And in a country like India where passions and emotions brim over within the space of a few deliveries, Dhoni brought peace. A calm assurance. The era of Dhoni was the era where Indian cricket won. It was an era where winning started to be taken for granted. Dhoni brought in a mindset where winning was not a unique prize, only received once or twice, but a default setting.

And, so, when an extended period of losses piled up, it felt alien. Perhaps, it felt alien to Dhoni too – maybe that was why he retired from Tests during the middle of the Australia series away in 2014. India’s ODI form recently has not been that bad, but nor has it been that good either. Perhaps, it is for the best for Mahi and perhaps, it was a very simple decision for India’s greatest ever captain: he realised his time was up and he wanted to let Virat Kohli step into the spotlight.

So there goes Dhoni the captain. Into the sunset. The man who made winning a habit for India. Captain Cool. Captain Great. The captain who revolutionised Indian cricket. The end of an era.

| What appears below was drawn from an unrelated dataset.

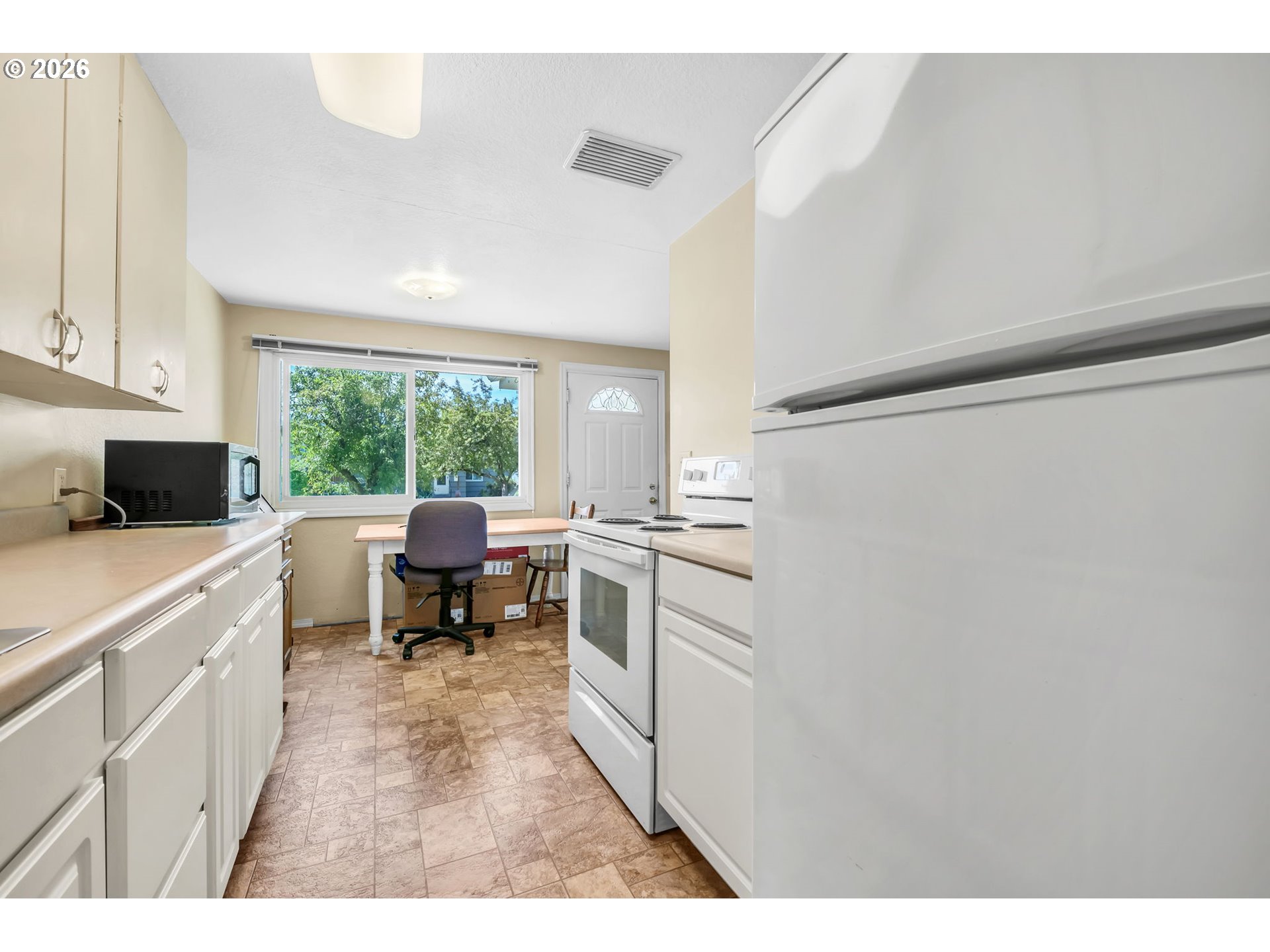 1182 F Street Springfield, OR 97477 - Photo 13 of 26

But there is hope. Hope of resurgence. At the twilight of his career, Dhoni the long-haired daredevil may yet return, for one last tango. Perhaps, not with the nonchalance with which he first strode on to the world. But, perhaps, with a freedom which he has not had for the last nine years. Unencumbered by captaincy, the dasher may yet return. And thus, that magnificent career will complete a full circle.